■ **REQUIRED ACTION**
In the entries that follow, find the line containing "One of the ways" and the line containing "Please remember, we", then retype exactly the lines from the first through the second, pictures excluded.

■ **STUDY MATERIAL**

::::::::

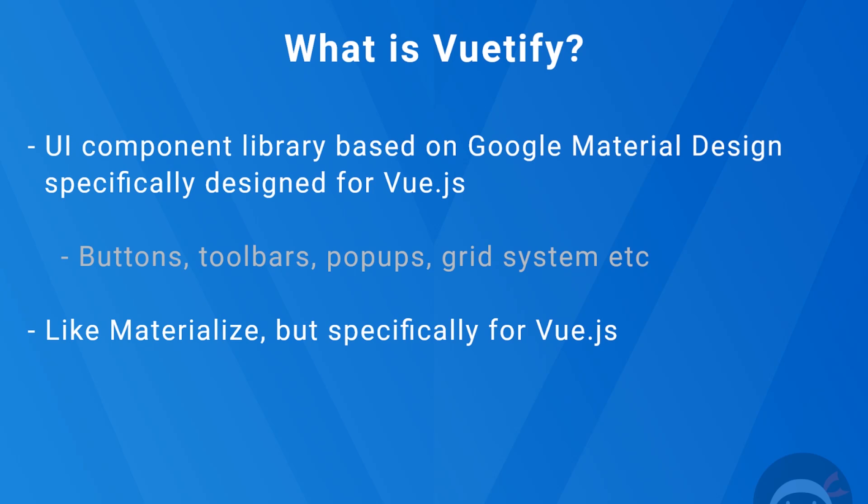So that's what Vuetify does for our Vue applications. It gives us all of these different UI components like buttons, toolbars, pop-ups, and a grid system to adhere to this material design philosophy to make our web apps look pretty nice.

::::::::

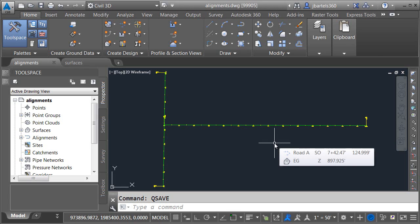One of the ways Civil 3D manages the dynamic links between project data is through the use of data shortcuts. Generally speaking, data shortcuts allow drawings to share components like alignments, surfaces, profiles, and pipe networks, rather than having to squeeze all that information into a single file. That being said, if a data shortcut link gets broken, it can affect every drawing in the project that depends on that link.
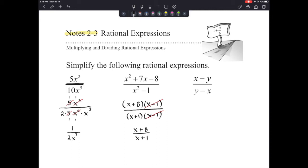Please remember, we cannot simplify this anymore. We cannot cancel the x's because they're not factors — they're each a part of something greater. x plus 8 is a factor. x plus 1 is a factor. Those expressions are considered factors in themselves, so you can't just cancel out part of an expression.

::::::::

■ **THE ANSWER**
One of the ways Civil 3D manages the dynamic links between project data is through the use of data shortcuts. Generally speaking, data shortcuts allow drawings to share components like alignments, surfaces, profiles, and pipe networks, rather than having to squeeze all that information into a single file. That being said, if a data shortcut link gets broken, it can affect every drawing in the project that depends on that link.
Please remember, we cannot simplify this anymore. We cannot cancel the x's because they're not factors — they're each a part of something greater. x plus 8 is a factor. x plus 1 is a factor. Those expressions are considered factors in themselves, so you can't just cancel out part of an expression.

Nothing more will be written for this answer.